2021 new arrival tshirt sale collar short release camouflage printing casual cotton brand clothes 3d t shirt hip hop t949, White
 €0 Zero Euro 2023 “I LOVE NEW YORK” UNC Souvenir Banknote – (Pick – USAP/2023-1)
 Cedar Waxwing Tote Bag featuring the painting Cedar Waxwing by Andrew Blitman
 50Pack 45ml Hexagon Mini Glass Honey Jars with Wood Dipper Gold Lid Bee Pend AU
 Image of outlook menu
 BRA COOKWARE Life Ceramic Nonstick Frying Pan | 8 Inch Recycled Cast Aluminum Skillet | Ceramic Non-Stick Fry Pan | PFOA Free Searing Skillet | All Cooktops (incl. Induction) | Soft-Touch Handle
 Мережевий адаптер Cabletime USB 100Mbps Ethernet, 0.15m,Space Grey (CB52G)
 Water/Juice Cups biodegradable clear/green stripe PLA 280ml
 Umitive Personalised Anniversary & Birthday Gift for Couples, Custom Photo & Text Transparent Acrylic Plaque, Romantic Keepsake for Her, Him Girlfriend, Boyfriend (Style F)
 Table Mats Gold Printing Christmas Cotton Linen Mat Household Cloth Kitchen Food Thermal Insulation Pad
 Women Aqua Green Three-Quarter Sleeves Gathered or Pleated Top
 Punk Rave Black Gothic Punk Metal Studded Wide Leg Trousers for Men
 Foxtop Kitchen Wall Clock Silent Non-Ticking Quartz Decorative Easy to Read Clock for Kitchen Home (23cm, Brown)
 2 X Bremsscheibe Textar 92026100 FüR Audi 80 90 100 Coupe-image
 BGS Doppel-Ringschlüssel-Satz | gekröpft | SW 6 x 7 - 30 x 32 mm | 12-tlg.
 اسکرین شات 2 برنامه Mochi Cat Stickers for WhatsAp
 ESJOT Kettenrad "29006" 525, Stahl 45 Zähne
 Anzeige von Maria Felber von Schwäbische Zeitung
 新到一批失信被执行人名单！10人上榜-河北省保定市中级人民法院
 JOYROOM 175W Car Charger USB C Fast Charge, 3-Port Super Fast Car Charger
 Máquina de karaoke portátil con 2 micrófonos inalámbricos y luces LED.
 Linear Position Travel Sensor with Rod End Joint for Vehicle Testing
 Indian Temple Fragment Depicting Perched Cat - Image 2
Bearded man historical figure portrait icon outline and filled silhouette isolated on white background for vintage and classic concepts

Action item => Only the lines from the first line of the records through the line containing "Мережевий адаптер Cabletime" should be repeated, exactly as they appear.

Answer box =>
2021 new arrival tshirt sale collar short release camouflage printing casual cotton brand clothes 3d t shirt hip hop t949, White
 €0 Zero Euro 2023 “I LOVE NEW YORK” UNC Souvenir Banknote – (Pick – USAP/2023-1)
 Cedar Waxwing Tote Bag featuring the painting Cedar Waxwing by Andrew Blitman
 50Pack 45ml Hexagon Mini Glass Honey Jars with Wood Dipper Gold Lid Bee Pend AU
 Image of outlook menu
 BRA COOKWARE Life Ceramic Nonstick Frying Pan | 8 Inch Recycled Cast Aluminum Skillet | Ceramic Non-Stick Fry Pan | PFOA Free Searing Skillet | All Cooktops (incl. Induction) | Soft-Touch Handle
 Мережевий адаптер Cabletime USB 100Mbps Ethernet, 0.15m,Space Grey (CB52G)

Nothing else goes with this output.